** Opening Data records block **
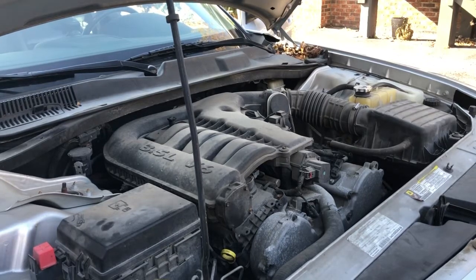Hey everybody and thanks for joining me today on Outside with Jeff. Today we're going to be checking the oil level on this 2008 3.5 liter Dodge Charger.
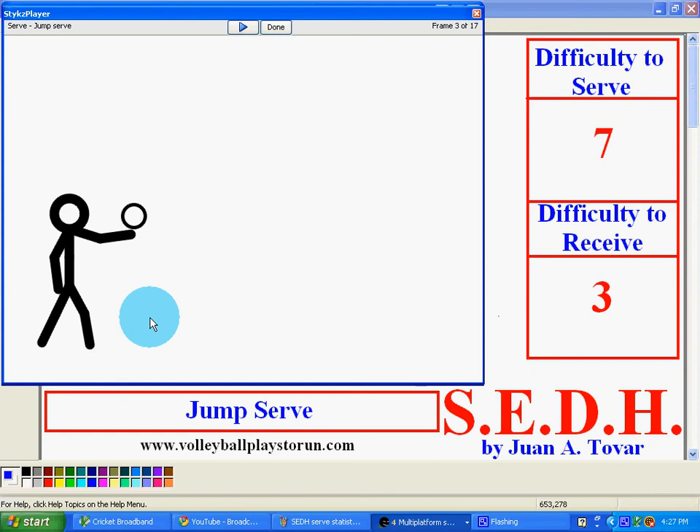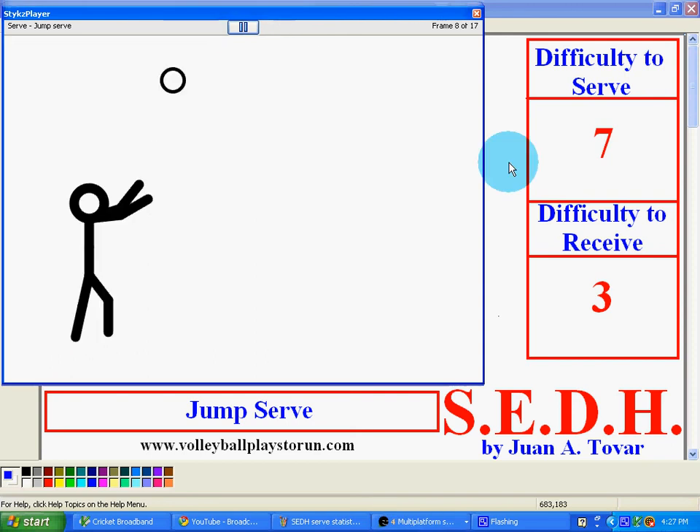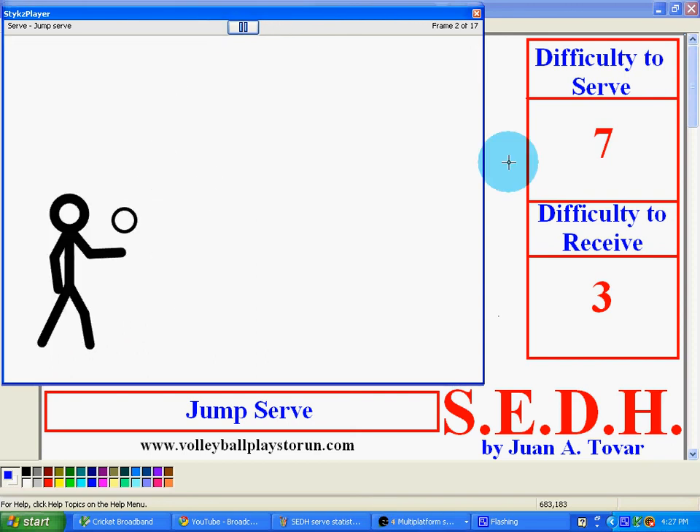Jump straight up. Your left hand is a pointer or a guide — like you're almost reaching the ball, touching it — and then strike it with your hitting arm. Basically, I'll let you see it.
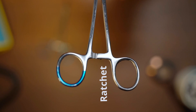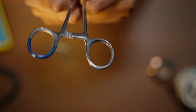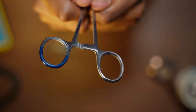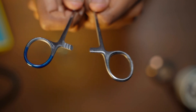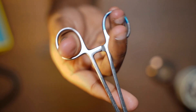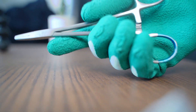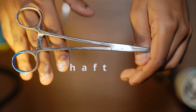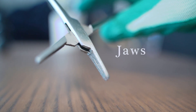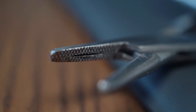Those two are the rings, and we can see the actual locking mechanism which is the ratchet. In between the two rings you can see there are these three sawtooth shaped edges on both sides, and these actually hook together to make that satisfying click. You've got the rings, you've got the ratchet, and then you've got the shaft which is the length of the body itself. The end of the needle holder has jaws, and inside the jaws there are crosshatched serrations — that's what's used to make sure it has a grip on the needle.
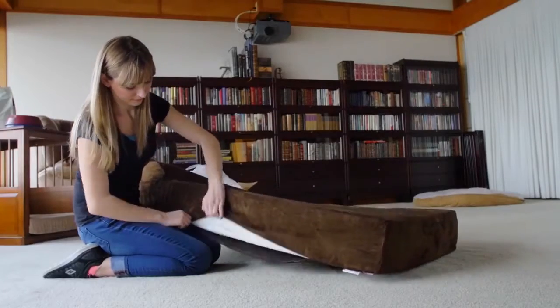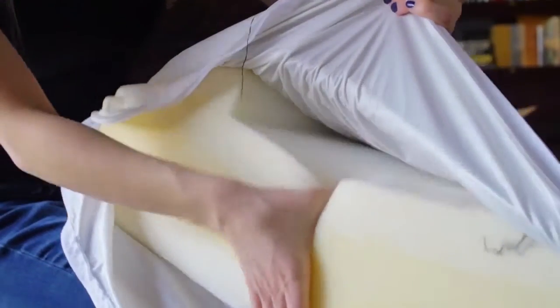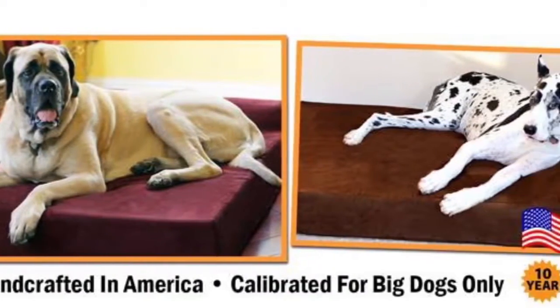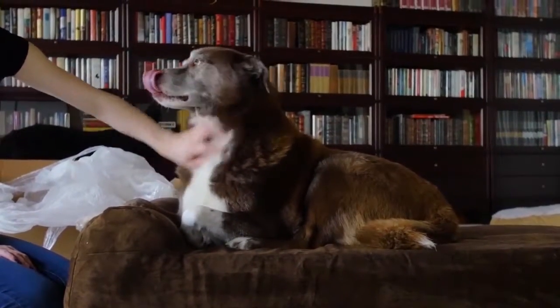It is specifically designed for dogs over 50 pounds who need extra support when laying down. Large dogs suffer from a lot of joint pain and arthritis. This bed is made specifically to make them more comfortable and ease their pain. I think it's stylish and my dog thinks it's comfy.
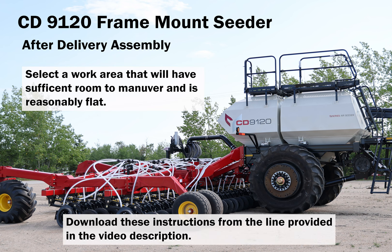The CD-9120 Frame Mount Seeder. After delivery assembly.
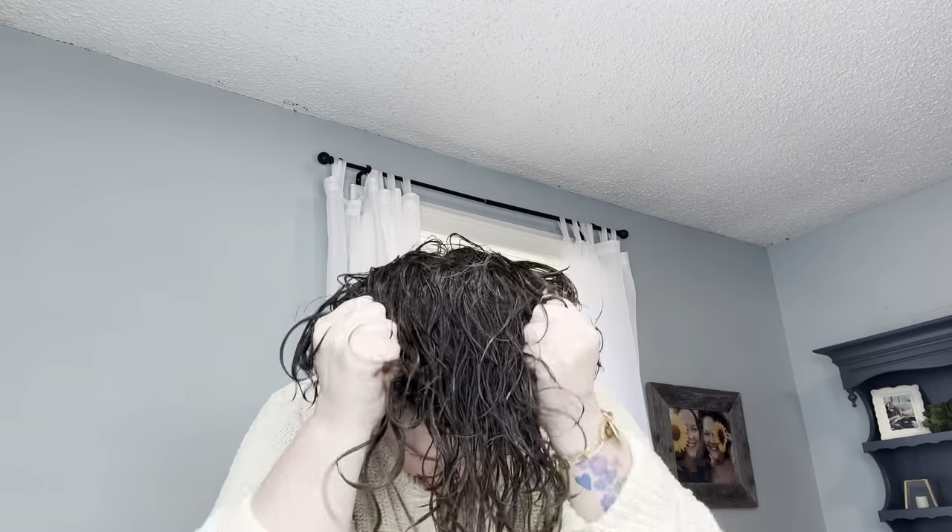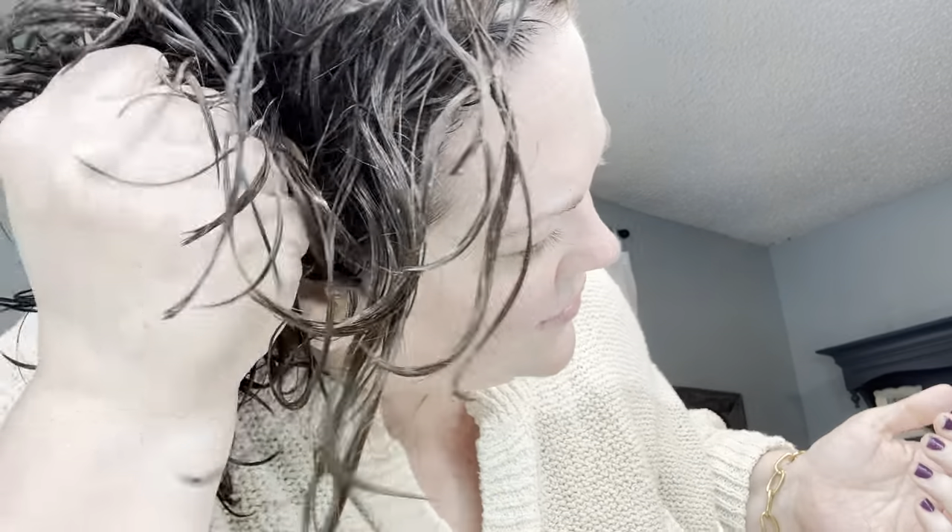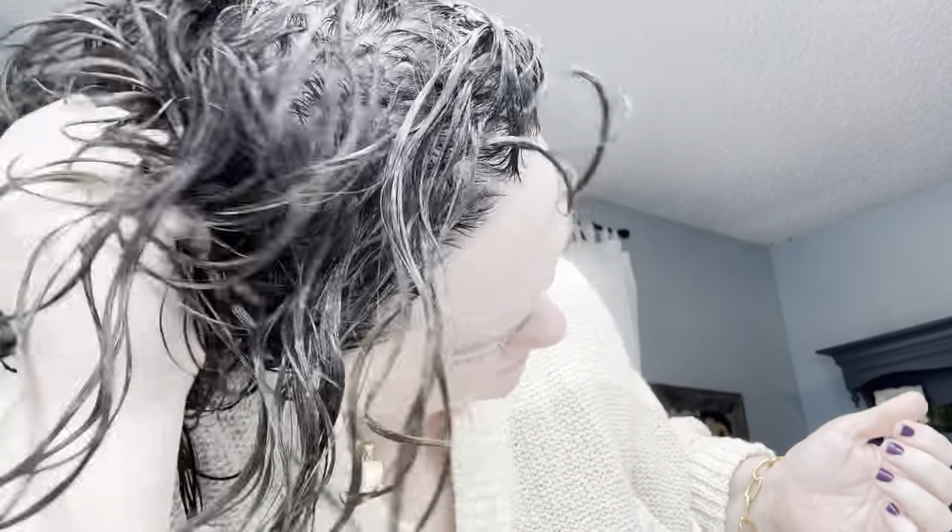You can comb your hair out when you've got conditioner in it in the shower or when you get out, but you don't comb your hair out anymore after that — that was it. The only time you comb it. Now you just scrunch it, and can you hear the squish? You want to hear the squish.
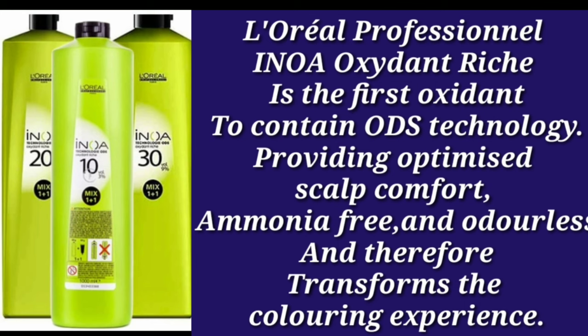Innova uses the first oxidant to contain ODS technology — Oil Delivery System — making it an oil-based hair color product. I really want to recommend all of you that you should try Innova hair color for touch-up, especially if you go to the salon every month. It is a very amazing hair color, and this is the full knowledge I have tried to give you about Innova hair color.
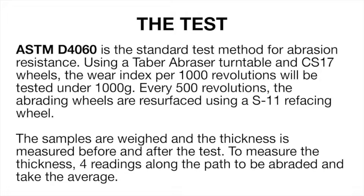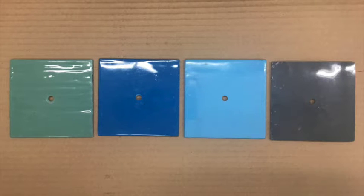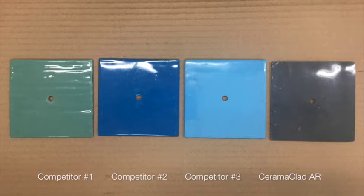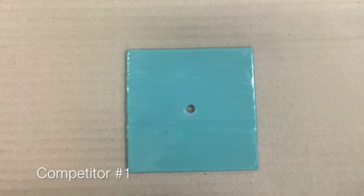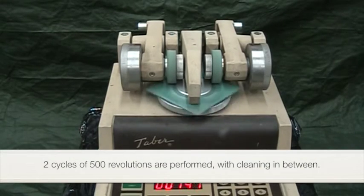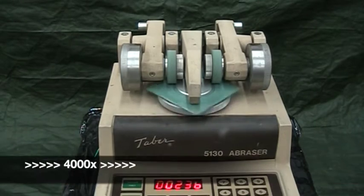Every 500 revolutions the abrading wheels are resurfaced using the S11 refacing wheel. The samples are weighed and the thickness is measured before and after the test. To measure the thickness, four readings along the path to be abraded are taken and the average measurement is recorded.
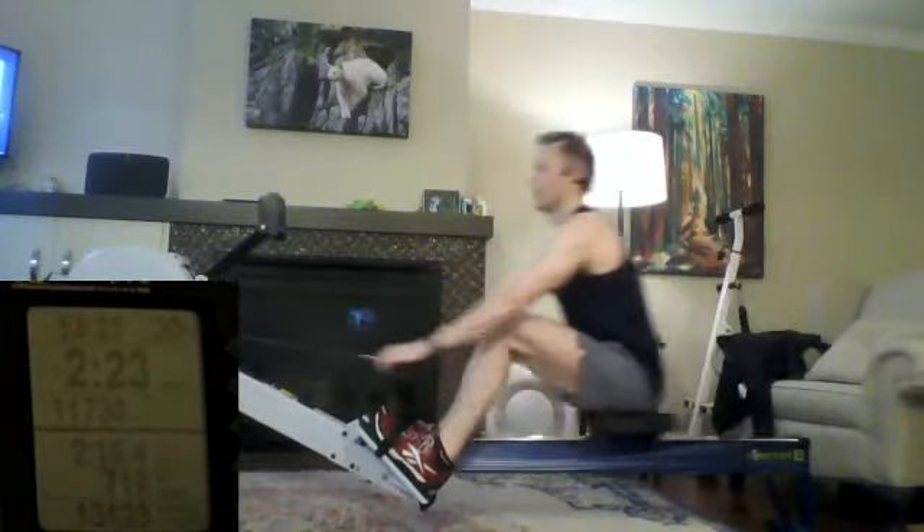As I drive those legs, am I holding that core? Am I holding those shoulders in front? When the shoulders pass, am I doing it with a purpose? Or are they just happening to pass by? As I set that body angle into the release, do I feel those muscles engaged as I draw that handle to the body? Or am I just pulling away with those arms? We want to feel everything engaged. We want to feel all the muscle groups that we want to be using. We want to feel them doing their job.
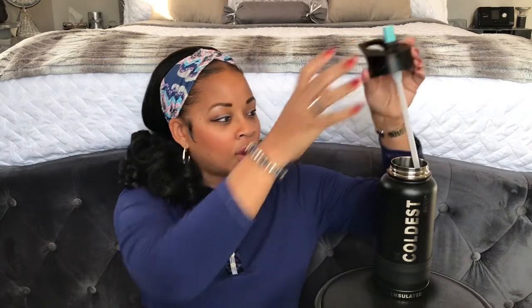It has this spout that flips like that. And the straw — I just want to show y'all the straw goes all the way. I've got water in it, so excuse me, but the straw goes all the way. Y'all can see that — all the way to the bottom. So there's no water left in there that's unused. I can drink all the water out of it.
** Closing Data records block **
● Work item
Copy every line of the data exactly as written, excluding the pictures.

● Output of the exercise
Hey everybody and thanks for joining me today on Outside with Jeff. Today we're going to be checking the oil level on this 2008 3.5 liter Dodge Charger.
Jump straight up. Your left hand is a pointer or a guide — like you're almost reaching the ball, touching it — and then strike it with your hitting arm. Basically, I'll let you see it.
Those two are the rings, and we can see the actual locking mechanism which is the ratchet. In between the two rings you can see there are these three sawtooth shaped edges on both sides, and these actually hook together to make that satisfying click. You've got the rings, you've got the ratchet, and then you've got the shaft which is the length of the body itself. The end of the needle holder has jaws, and inside the jaws there are crosshatched serrations — that's what's used to make sure it has a grip on the needle.
It is specifically designed for dogs over 50 pounds who need extra support when laying down. Large dogs suffer from a lot of joint pain and arthritis. This bed is made specifically to make them more comfortable and ease their pain. I think it's stylish and my dog thinks it's comfy.
The CD-9120 Frame Mount Seeder. After delivery assembly.
You can comb your hair out when you've got conditioner in it in the shower or when you get out, but you don't comb your hair out anymore after that — that was it. The only time you comb it. Now you just scrunch it, and can you hear the squish? You want to hear the squish.
Innova uses the first oxidant to contain ODS technology — Oil Delivery System — making it an oil-based hair color product. I really want to recommend all of you that you should try Innova hair color for touch-up, especially if you go to the salon every month. It is a very amazing hair color, and this is the full knowledge I have tried to give you about Innova hair color.
Every 500 revolutions the abrading wheels are resurfaced using the S11 refacing wheel. The samples are weighed and the thickness is measured before and after the test. To measure the thickness, four readings along the path to be abraded are taken and the average measurement is recorded.
As I drive those legs, am I holding that core? Am I holding those shoulders in front? When the shoulders pass, am I doing it with a purpose? Or are they just happening to pass by? As I set that body angle into the release, do I feel those muscles engaged as I draw that handle to the body? Or am I just pulling away with those arms? We want to feel everything engaged. We want to feel all the muscle groups that we want to be using. We want to feel them doing their job.
It has this spout that flips like that. And the straw — I just want to show y'all the straw goes all the way. I've got water in it, so excuse me, but the straw goes all the way. Y'all can see that — all the way to the bottom. So there's no water left in there that's unused. I can drink all the water out of it.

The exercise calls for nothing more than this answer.